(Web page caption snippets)
+++

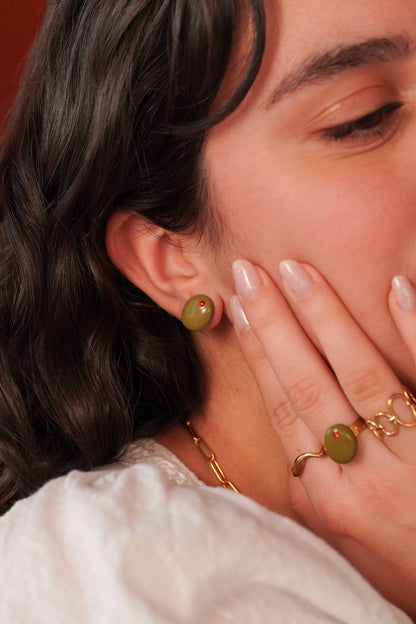 Puces d'oreilles olives - Handly atelier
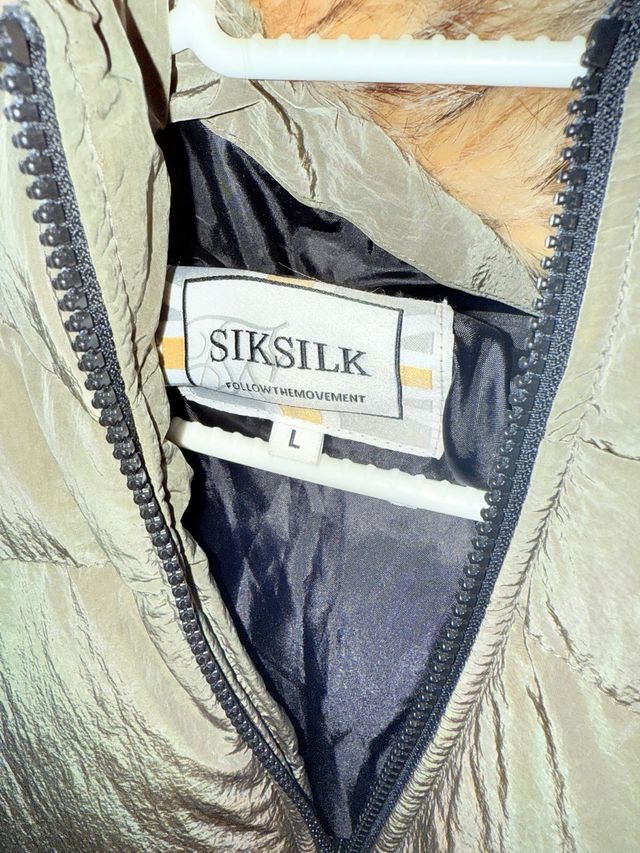 Chaqueta Sik Silk Beige Negra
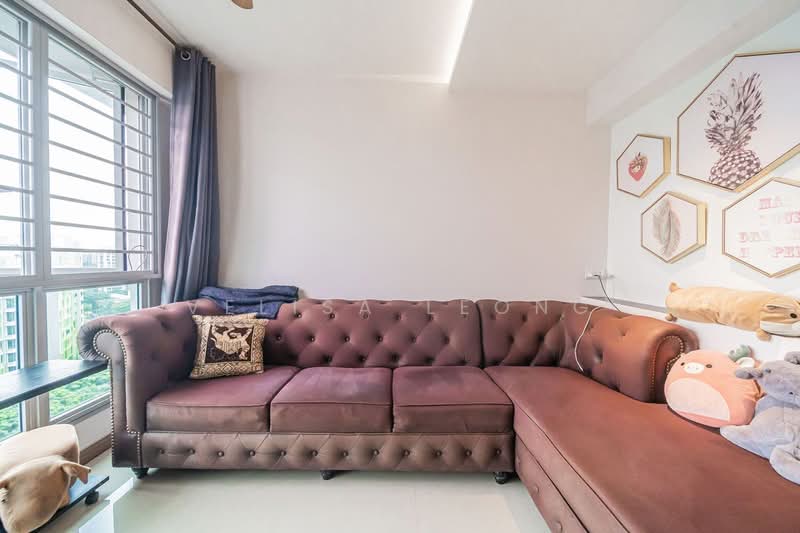 106A Bidadari Park Drive, 106A Bidadari Park Drive, 3 Bedrooms, 1,012 sqft, HDB Flat For Sale, by Velisa Leong, 500154989 - Living Room - PropertyGuru.com.sg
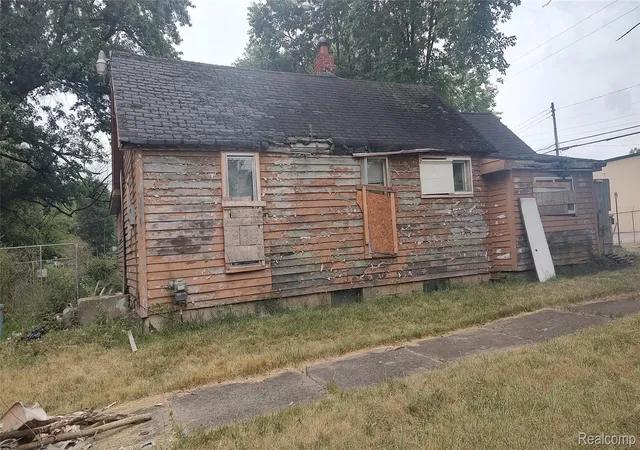 Photo 1 of Single family home for sale at 2401 Kansas Ave, Flint, MI 48506 | MLS# 20261060083 | Listing updated on 2026-09-02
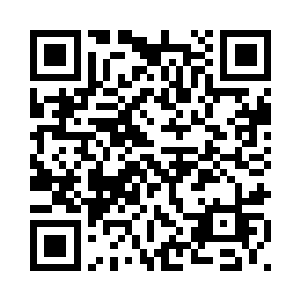 一位笑眯眯的大肚和尚正端坐池旁二维码生成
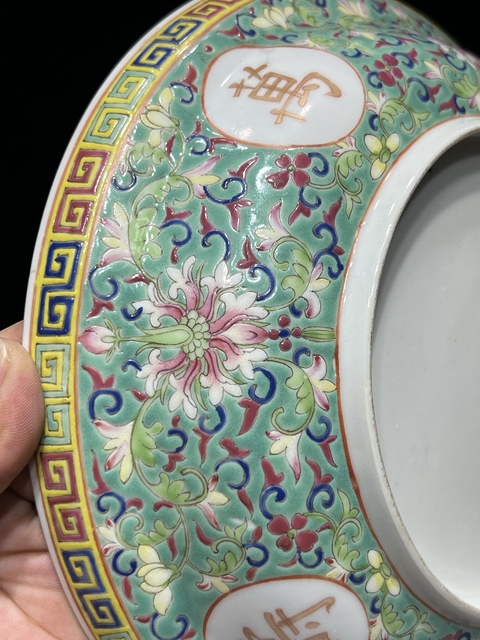 古玩陶瓷粉彩蓋盤拍賣,當(dāng)前價格2500元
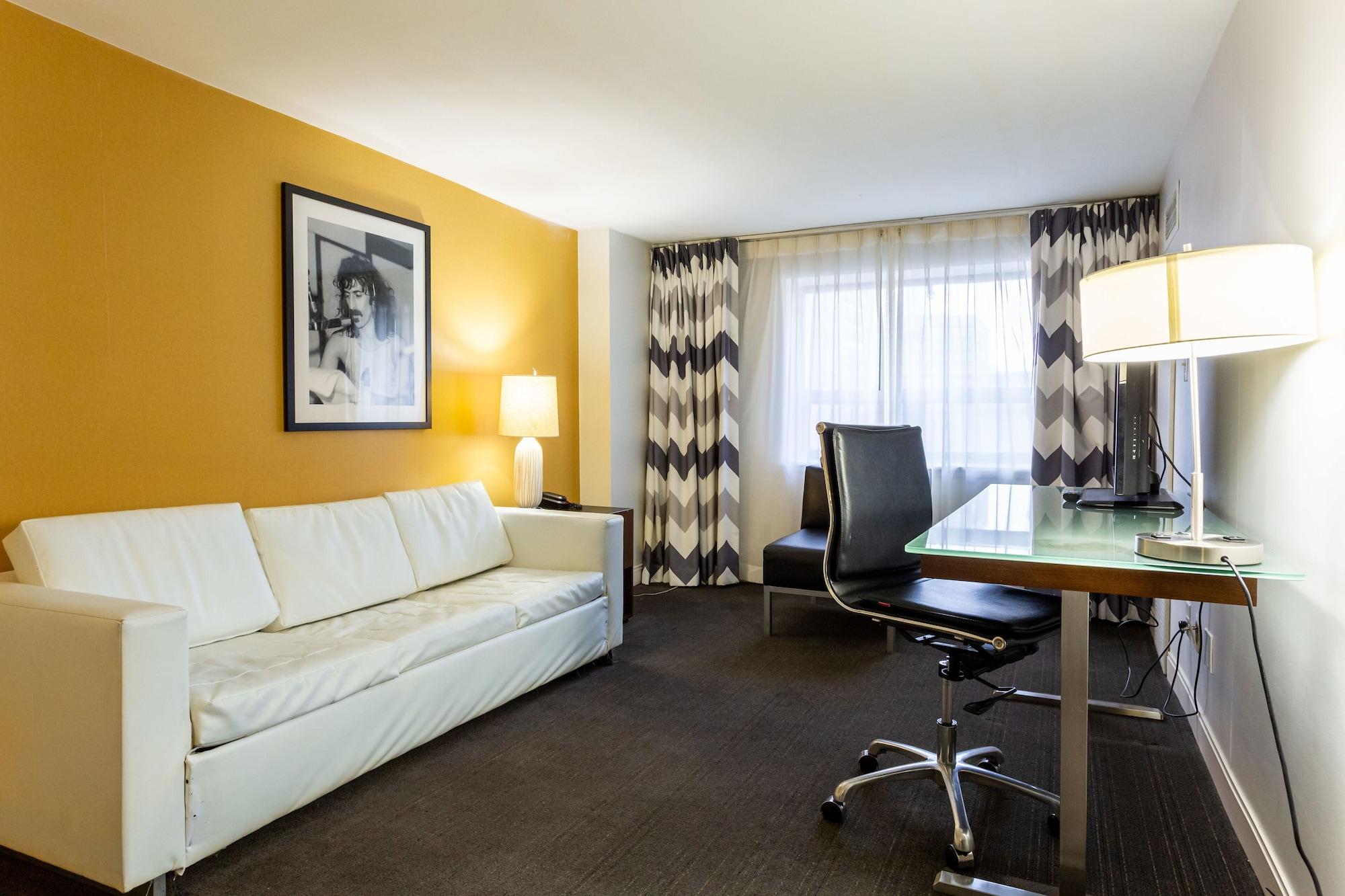 Comfort Inn & Suites Baltimore Inner Harbor Bagian luar foto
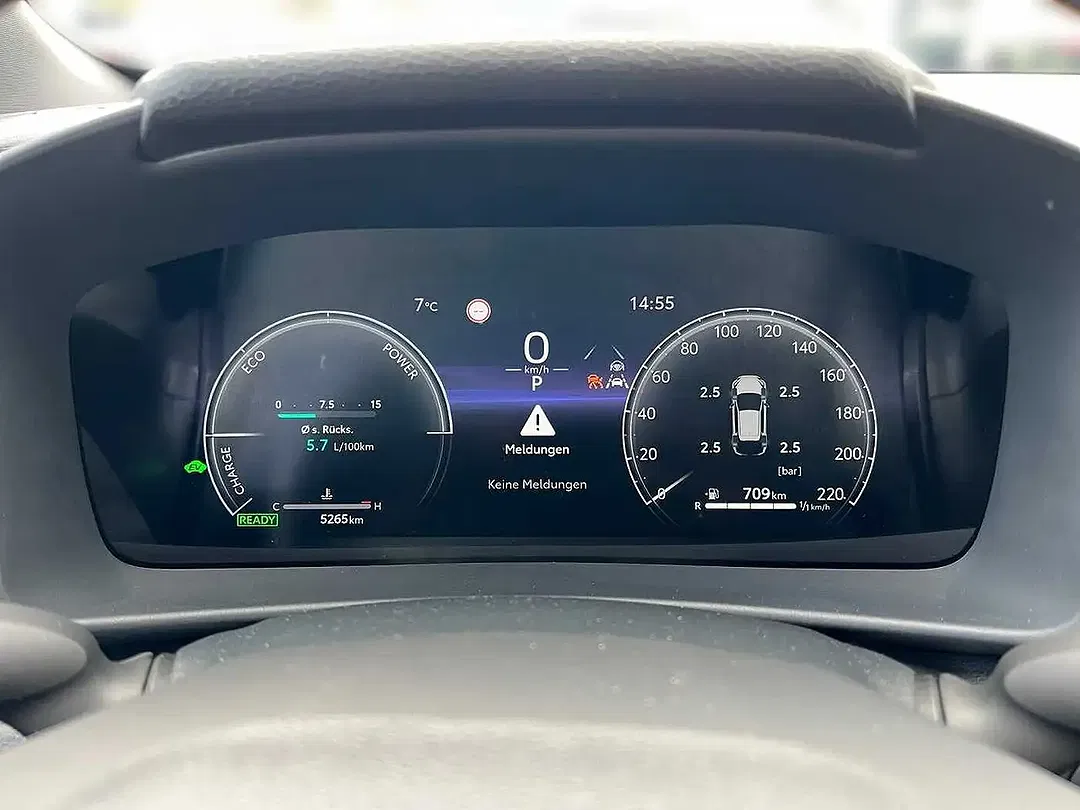 Toyota C-HR - Thumbnail 11
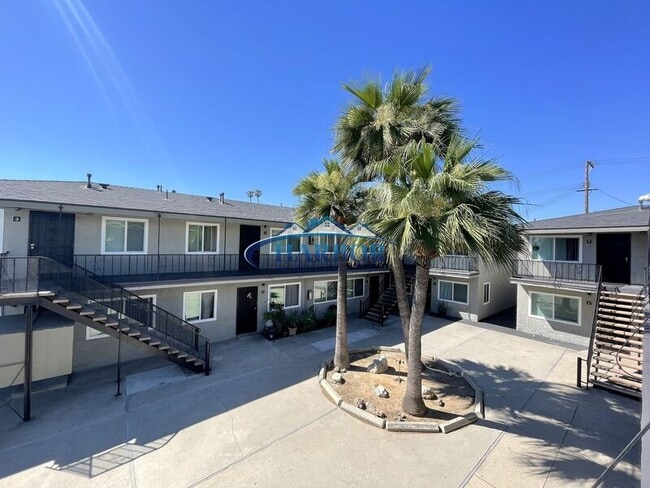 Building Photo - 1388 Martin Luther King Junior Ave Unit 7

+++

DIRECTIONS:
The pictures in the entries above should be left out; all else must be copied exactly.

WRITTEN ANSWER:
 Puces d'oreilles olives - Handly atelier
 Chaqueta Sik Silk Beige Negra
 106A Bidadari Park Drive, 106A Bidadari Park Drive, 3 Bedrooms, 1,012 sqft, HDB Flat For Sale, by Velisa Leong, 500154989 - Living Room - PropertyGuru.com.sg
 Photo 1 of Single family home for sale at 2401 Kansas Ave, Flint, MI 48506 | MLS# 20261060083 | Listing updated on 2026-09-02
 一位笑眯眯的大肚和尚正端坐池旁二维码生成
 古玩陶瓷粉彩蓋盤拍賣,當(dāng)前價格2500元
 Comfort Inn & Suites Baltimore Inner Harbor Bagian luar foto
 Toyota C-HR - Thumbnail 11
 Building Photo - 1388 Martin Luther King Junior Ave Unit 7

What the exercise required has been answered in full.